The boot of fly-half Chris Malone handed Bath a crucial 21-19 win over London
Irish at the Madejski Stadium - but his injury-time drop-goal could condemn the
Exiles to relegation.
With just four points separating five teams at the bottom of the table, London
Irish desperately needed a win on home soil to manoeuvre their way into the
safety zone ahead of next weekend's league finale against Newcastle.
But head coach Gary Gold will now have to sweat it out alongside Leeds,
Harlequins, Worcester and Northampton next Saturday.
Bath, who came so close to throwing away a golden opportunity may, however,
have booked their passport into the Zurich Premiership play-off.
The west country side move ahead of Sale Sharks on the League ladder and now
just trail Wasps and Leicester.
But it all could have been a very different story.
London Irish look like they had done enough with a 72nd minute penalty but a
wayward pass by young wing Delon Armitage handed Malone the chance to strike at
goal and he did just that.
Bath, however, started the game in a ferocious fashion crawling all over
London Irish in the opening 10 minutes.
The Exiles were forced onto the defensive and soon enough they cracked with
wing Frikkie Welsh pouncing on a pass from Malone on the left wing.
England's Ollie Barkley struck the conversion but Bath were lucky to not find
themselves trailing after the west country side conceded three careless
penalties in as many minutes.
However, fly-half Barry Everitt first hit the posts, then missed the target
before finally registering three points on his third attempt.
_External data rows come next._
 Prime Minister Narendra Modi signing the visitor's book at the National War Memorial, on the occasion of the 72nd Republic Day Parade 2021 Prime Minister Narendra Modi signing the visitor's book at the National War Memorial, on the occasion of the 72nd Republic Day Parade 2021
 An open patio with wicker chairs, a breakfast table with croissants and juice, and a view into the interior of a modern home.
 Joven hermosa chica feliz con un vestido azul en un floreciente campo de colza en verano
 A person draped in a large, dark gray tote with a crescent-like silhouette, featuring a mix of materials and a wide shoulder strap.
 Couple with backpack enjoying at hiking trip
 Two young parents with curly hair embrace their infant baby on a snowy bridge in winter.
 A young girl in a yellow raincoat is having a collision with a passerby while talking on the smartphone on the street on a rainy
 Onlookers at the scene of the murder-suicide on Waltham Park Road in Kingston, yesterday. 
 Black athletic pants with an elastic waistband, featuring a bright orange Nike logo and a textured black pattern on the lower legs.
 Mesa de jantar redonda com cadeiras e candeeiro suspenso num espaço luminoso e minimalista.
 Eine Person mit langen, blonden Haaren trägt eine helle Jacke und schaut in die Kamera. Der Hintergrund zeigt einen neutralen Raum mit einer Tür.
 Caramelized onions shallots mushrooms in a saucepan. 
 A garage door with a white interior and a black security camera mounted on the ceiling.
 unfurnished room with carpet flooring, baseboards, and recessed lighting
Everitt was on-song with his next effort after the sin-binning of Bath flanker
James Scaysbrook, but Bath stayed 10-6 up thanks to a Malone drop-goal on 34
minutes, despite the earlier loss of England prop Matt Stevens.
That was until the Exiles took a morale boosting 13-10 lead into the break.
This time it was the turn of London Irish to throw Bath onto the back foot and
they did just that in style.
First Armitage found room on the right wing before offloading to skipper Ryan
Strudwick.
The South African lock was brought down but Paul Hodgson soon set full-back
Michael Horak loose who, surprised to find space in Bath's defence, started his
way over the line for a converted try.
However, London Irish could not maintain their advantage after the restart
with Bath's Zak Feau'nati finding the try-line with a well-worked score which
passed through several phases before the number eight swooped on a pass from Tom
Cheeseman.
Barkley missed the conversion but later added a 60th minute penalty.
Everitt came to London Irish's rescue though with three penalties in 12
minutes to again turn the tables and take the side into a 19-18 lead until
Armitage's wayward pass gave Bath a crucial scrum five metres from their
tryline.
Bath could not get over the line to touch down but Malone slotted home an
84th-minute drop-goal before referee Ashley Rawden blew the final whistle.